An enantioselective Ni-catalyzed reaction of an alkyl halide (derived from an aldehyde and an acyl bromide), an olefin, and a hydrosilane provides esters of chiral dialkyl carbinols. The method is versatile and tolerates substituents that vary in size and that bear a range of functional groups. A four-component variant of this process, wherein the alkyl halide is generated in situ, is also reported.
Z.-P. Yang, G. C. Fu, J. Am. Chem. Soc., 2020, 142, 5870-5875.

An efficient rhodium-catalyzed method allows the preparation of aryltriethoxysilanes from arenediazonium tosylate salts. A new method for hydrodediazoniation has also been explored.
Z. Y. Tang, Y. Zhang, T. Wang, W. Wang, Synlett, 2010, 804-808.

A bimetallic catalyst system composed of a group 4 metallocene difluoride and palladium dichloride enables a reductive cross-coupling of alkynes and aryl halides to provide (E)-alkenes in the presence of a hydrosilane and NaF. This reaction proceeds via an in situ generated alkenyl metallocene intermediate derived from the group 4 metallocene difluoride.
K. Takahashi, H. Morishita, Y. Ogiwara, N. Sakai, J. Org. Chem., 2018, 83, 13734-13742.
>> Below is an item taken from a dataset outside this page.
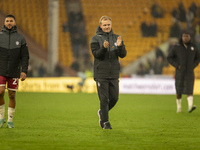 Bristol City Manager, Liam Manning, applauds their supporters after the Sky Bet Championship match between Norwich City and Bristol City at...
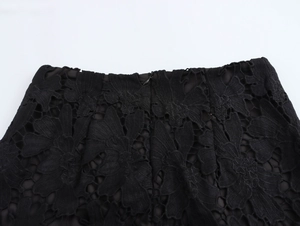 Dettaglio di una gonna corta in pizzo nero con cerniera nascosta e motivi floreali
An inexpensive aminoguanidine efficiently catalyzes a reductive cyclization of o-phenylenediamines with CO2 in the presence of triethoxysilane. Various functionalized benzimidazoles, benzoxazole, and benzothiazole were synthesized in high yields. Mechanistic studies indicate that formic acid acts as a cocatalyst.
Y. Sun, K. Gao, J. Org. Chem., 2023, 88, 7463-7468.